The combination of a new director (Alfonso Cuaron taking over from Chris Columbus) for film three, a darker look, and a trio of now older leads make for a movie quite unlike either of the initial entries. I enjoyed the first two "Potters," mind you, but I thought they were mostly about special effects, the wonders of visual excitement, more than about story or characters. They were, in effect, cute and fun and delightful to look at.
This third, 2004 release in the series, "Harry Potter and the Prisoner of Azkaban," is much more ominous and much more grown-up, so to speak, than the first two. That said, I wish it had more of a story to go with it. But we might lay that deficiency at the doorstep of the book's author, J.K. Rowling, as much as on director Cuaron. Rowling had certainly blossomed as a writer by the third "Potter" installment, but she still tended to be rather unfocused in her plot line, as the movie demonstrates, and wordier than ever, which the movie improves upon. Still, it takes Cuaron well over two hours to tell very little tale.
Yet the tone, mood, and atmosphere in number three are so much more imaginatively serious--even Hogwarts and its surroundings looking and feeling different--that it more than makes up for the thin narrative. Additionally, the three young leads have matured and become better actors, delivering more authoritative and realistic performances.
Although I liked this new one better than the first two "Potters," I still find it hard to give it the 8/10 I'd like because of those reservations about its not covering much story ground. "The Prisoner of Azkaban" feels like just what it is--a transitional tale, a bridge between the first two introductory books and the next ones to follow. Seen as a link in the progression of stories, "Azkaban" works well enough, but taken on its own, it feels rather unfinished and, ultimately, unfulfilling.
As I said before, I still think this latest "Potter" is the best so far, but I have to say it feels a little flat. The pacing is certainly one culprit, as the story doesn't really go very quickly in any particular direction; but also I attribute the story's lackadaisical nature to the fact that it has so little to say beyond a few character discoveries. The first two movies, while less developed in style and tone, told self-contained stories. They stood on their own. This latest one feels more like a brief anecdote than a fully evolved narrative; it's like a chapter in a book rather than a complete novel. The story is merely continuing the series with another episode in Harry's life of chronically dire predicaments and baleful scrapes, this time his trials with adolescence. I had the feeling as the movie was going on and again when it was over that while a lot of action occurred, nothing much actually happened.
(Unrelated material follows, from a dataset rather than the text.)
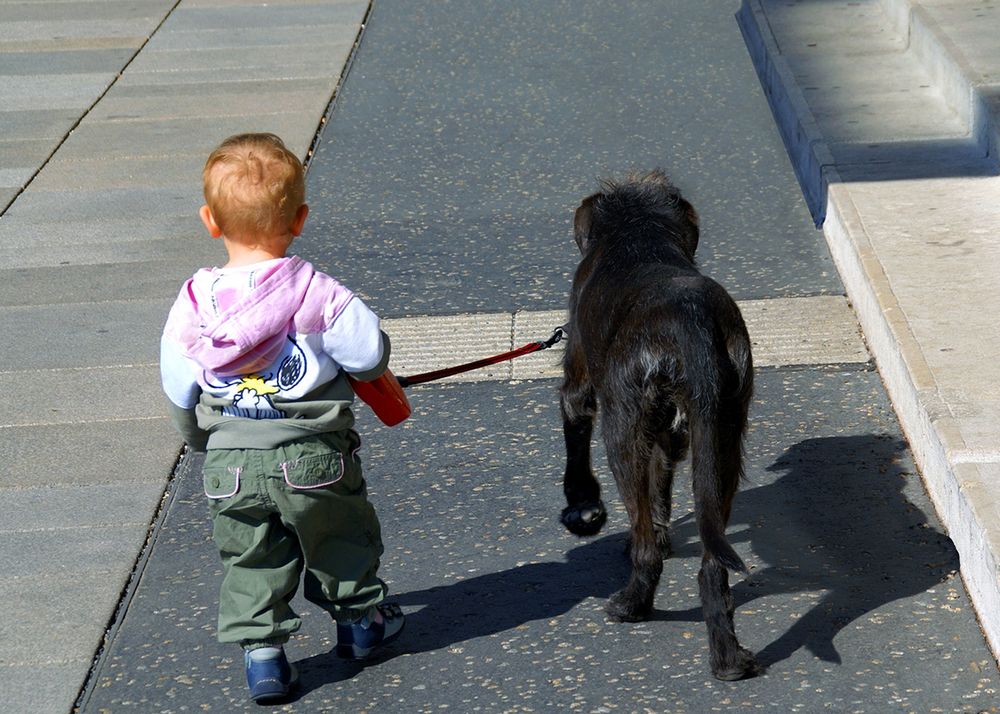 Boy mit Hund von Arpad Maczek 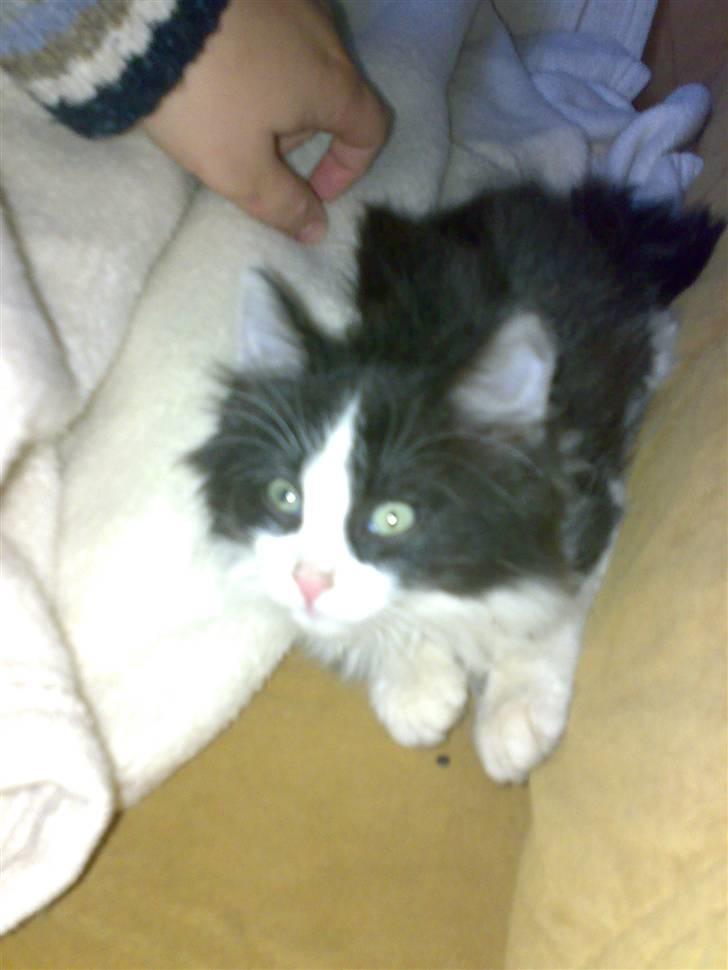 Blanding af racer Pjutte billede 6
On the other hand, I thoroughly enjoyed the new look. Hogwarts is gloomier than ever, no longer the place of childhood fancy but of genuine frights. And Hagrid's hut being farther from the castle and down a steep incline gives the movie a more visually diverse and appealing look, making Hagrid more of an outsider at the same time. I liked these touches.
At the time of the present story, Harry (Daniel Radcliffe) and his friends Hermione (Emma Watson) and Ron (Rupert Grint) are thirteen years old and ready for more adventures. The difficulty this time develops when Harry learns that Sirius Black (Gary Oldman), a wizard convicted of murder twelve years earlier, has escaped from Azkaban prison and may be out to kill him. That's really all there is to the plot. Sirius comes to Hogwarts, and after a few rousing escapades, they resolve the conflict. Then, it's time to wait for the next movie.
Still, the noir tone nicely complements the dark and troubled times in Harry's life as he enters his teens and has to make the transition from childhood to young adulthood. As a character study, the movie works well enough, with Harry having to face his worst fears; learn who he is; cope with a newfound sexual awareness; and deal with people who are "different" from others.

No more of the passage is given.